One summer afternoon in 2014, Jim Naremore drove to Fountain Square for a meeting at the offices of Heartland Film. Naremore served on the executive committee for narrative short films, the team that chooses the grand prize–winner, and they planned to pick their favorite that day. A lot was at stake. The short that took home the top honor would automatically qualify for Oscar consideration that winter in addition to earning $5,000, both rare things in the short-film world.
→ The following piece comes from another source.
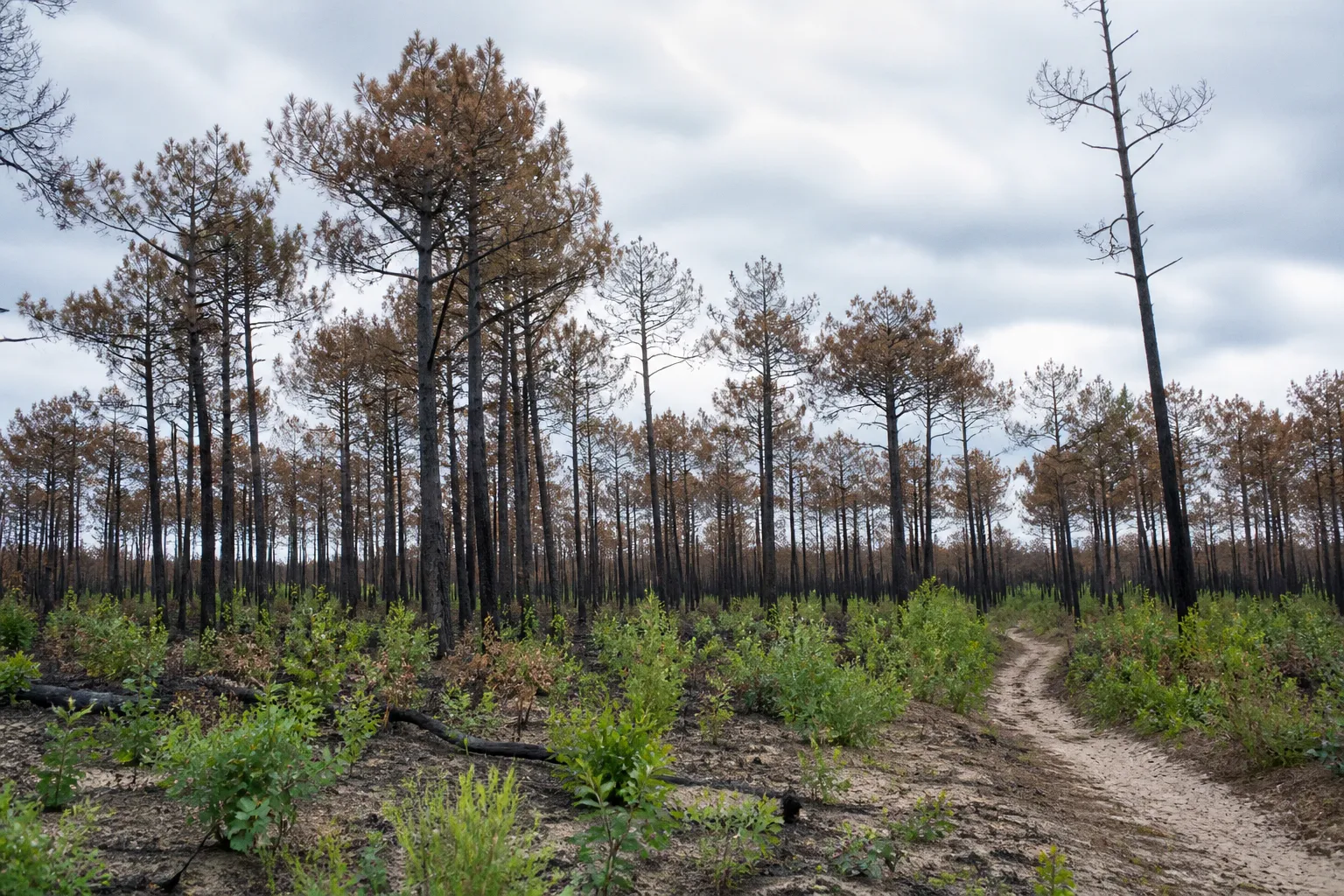 Tourisme en Gironde : la stratégie de relance après les incendies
A gauntlet of judges had already sifted through the 1,000 or so first-round submissions, leaving just five movies still in contention for the grand prize. Naremore watched the remaining shorts and ranked them from most deserving to least. Near the top of his list was Houses with Small Windows, a dark film about an honor killing set in rural Turkey. The story was slow and lingering, but beautifully shot. There was no dialogue, and the movie was extremely tense, but it challenged viewers with hard truths about human nature. Naremore felt sure it would be a favorite for the top spot. When the group sat down to discuss the films, however, he was shocked at how low some of the other committee members had ranked it.
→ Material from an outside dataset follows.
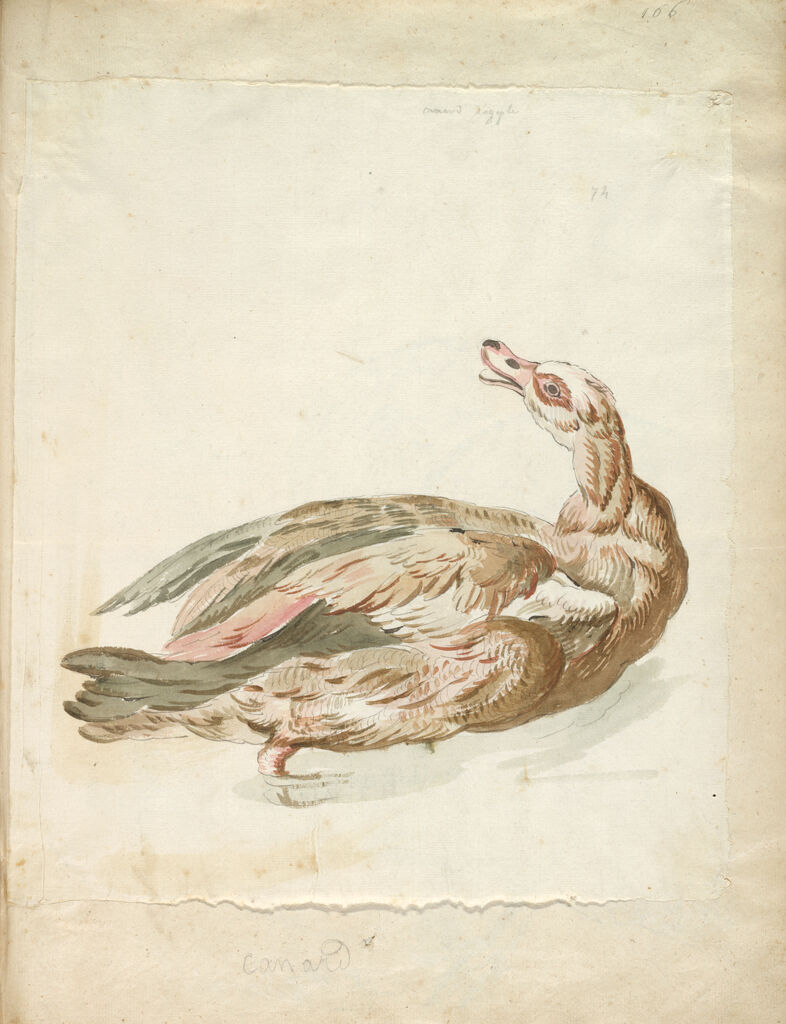Egyptian Duck; Verso: Partridge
He looked around the room, wondering how such a powerful film could be overlooked. Another screener spoke first, saying that she “hated” the film because it didn’t make her feel anything. Shocked, Naremore argued his case: “It obviously made you feel angry, and that’s what it was supposed to do.” But the other committee member didn’t waver. “We don’t need films that make us feel angry,” he recalls her saying.
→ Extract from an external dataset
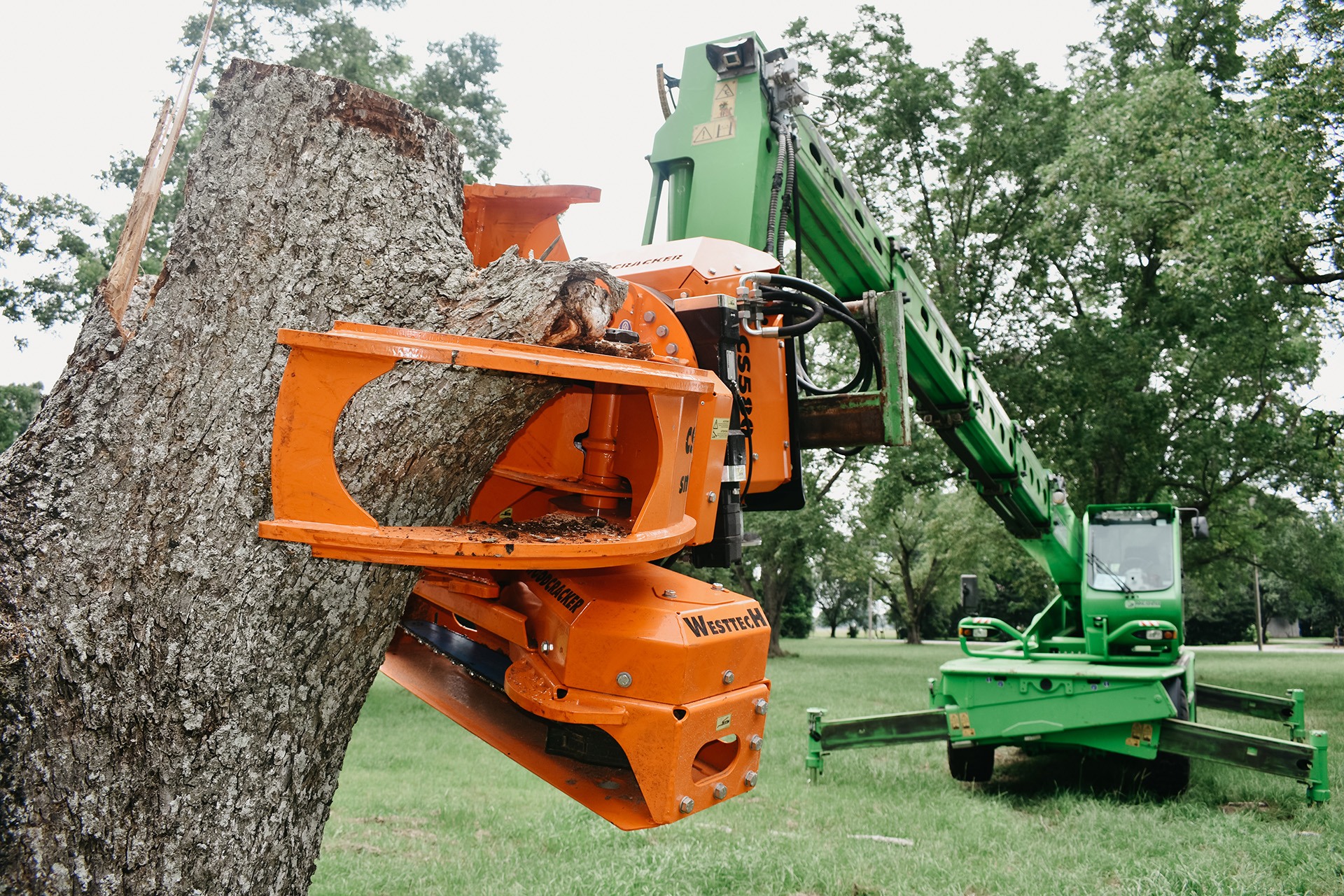The Importance of Professional Tree Removal for Property Health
In the end, a far less controversial film—Record, about a father striving to connect with his blind daughter—took home the money. “It was one of those situations where we all had to compromise,” Naremore says, thinking back on the incident. “So the least confrontational movie won.”
Even if Houses with Small Windows didn’t claim the top prize, its mere presence at the festival would have been unthinkable just a few years prior. Founded by a devout Christian with the goal of promoting inspiring films, Heartland spent decades building a brand on optimism and traditional values. When that founder retired in 2013, the new leaders began stocking the projectors with much edgier films. (Disclosure: The author worked seasonally at Heartland during this period.) For three years, Heartland had more in common with the avant-garde Indy Film Fest than it did its own Hallmark-y past. Audiences kept growing. Film submissions increased. Which made it that much more surprising to some when the president resigned in December 2015, and the artistic director followed suit not long before last year’s festival.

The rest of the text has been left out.